As a minimum, it depends on the material ( E = Young Modulus), and beam geometry (Area Moment of Inertia, I), and length between supports (L), impact speed, etc. Equivalent stiffness (k) of a simply supported beam subject to point loading at midpoint is 48EI/L^3, in units of force/length (N/m in SI).andrestander said:What if I have a simple beam structure and the object impacts in the middle of the beam? By how much the beam will deform and bend?
andrestander said:so 0.5mv^2=0.5kx^2
Where k is the equivalent stiffness matrix for the beam?

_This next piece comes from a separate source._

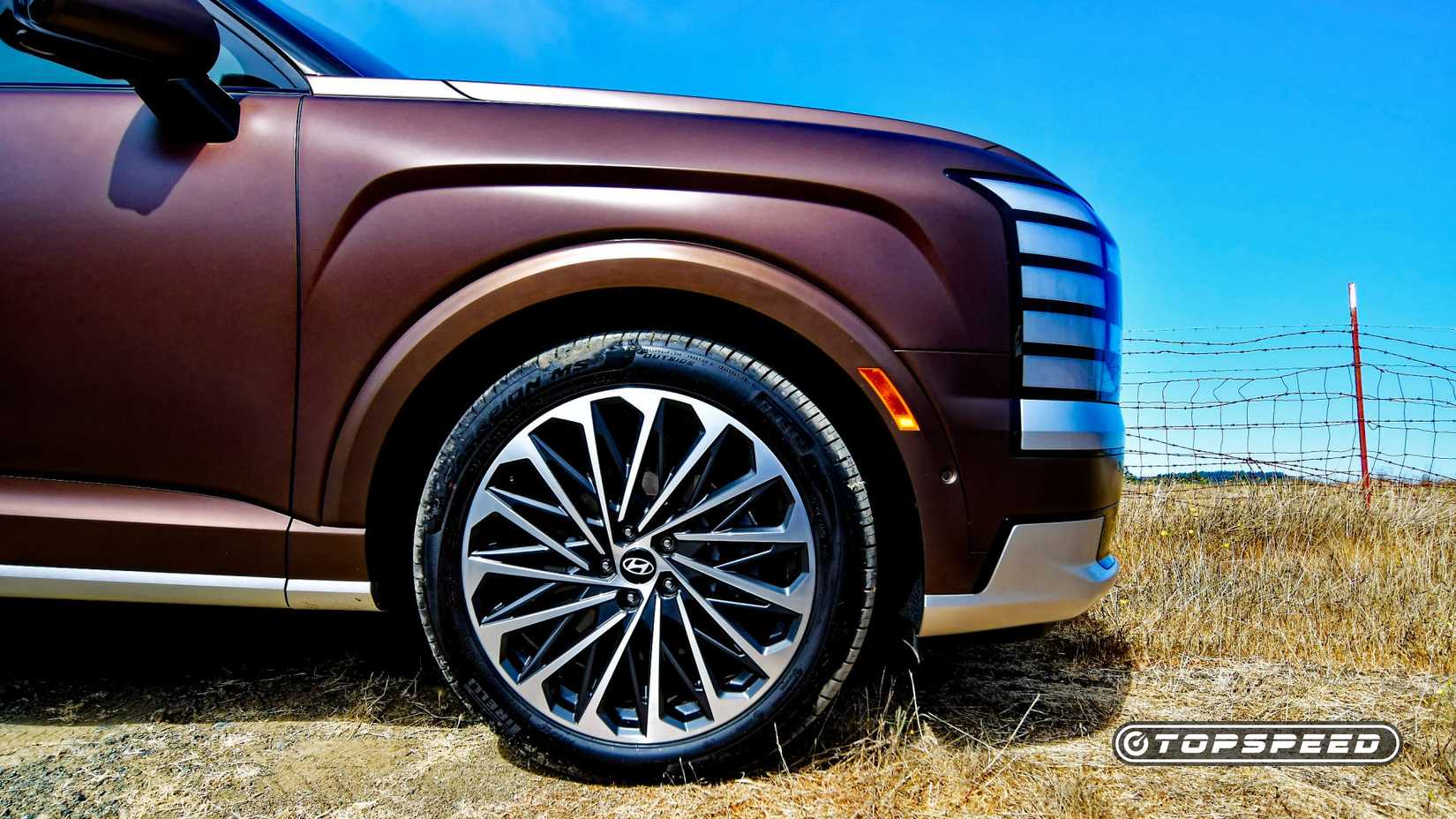 2026 Hyundai Palisade 8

PhanthomJay said:Yes, as I see it, but with a lot of assumptions, like the moving object is rigid and the beam remains within its elastic limit and obeys Hooke's Law when deforming. Also, if the moving object is is subject to gravity forces like for the case where it is moving straight down upon impact, then you must include its change in potential energy as well, that is, 0.5mv^2=0.5kx^2 -mgx.
The deformation of a string refers to the change in its shape or position caused by an external force, such as the impact of an object.
An object with constant velocity exerts a consistent amount of force on the string, resulting in a continuous and gradual deformation.
The amount of deformation in a string is influenced by the mass and velocity of the impacting object, as well as the material and thickness of the string itself.
In most cases, the deformation of a string can be reversed by removing the external force causing it and allowing the string to return to its original shape. However, in some cases, the deformation may be permanent due to the material properties of the string.
The deformation of a string can be measured using various methods, such as using rulers or calipers to measure changes in length or using strain gauges to measure changes in tension. Other methods, such as high-speed cameras, can also be used to visually observe the deformation in real-time.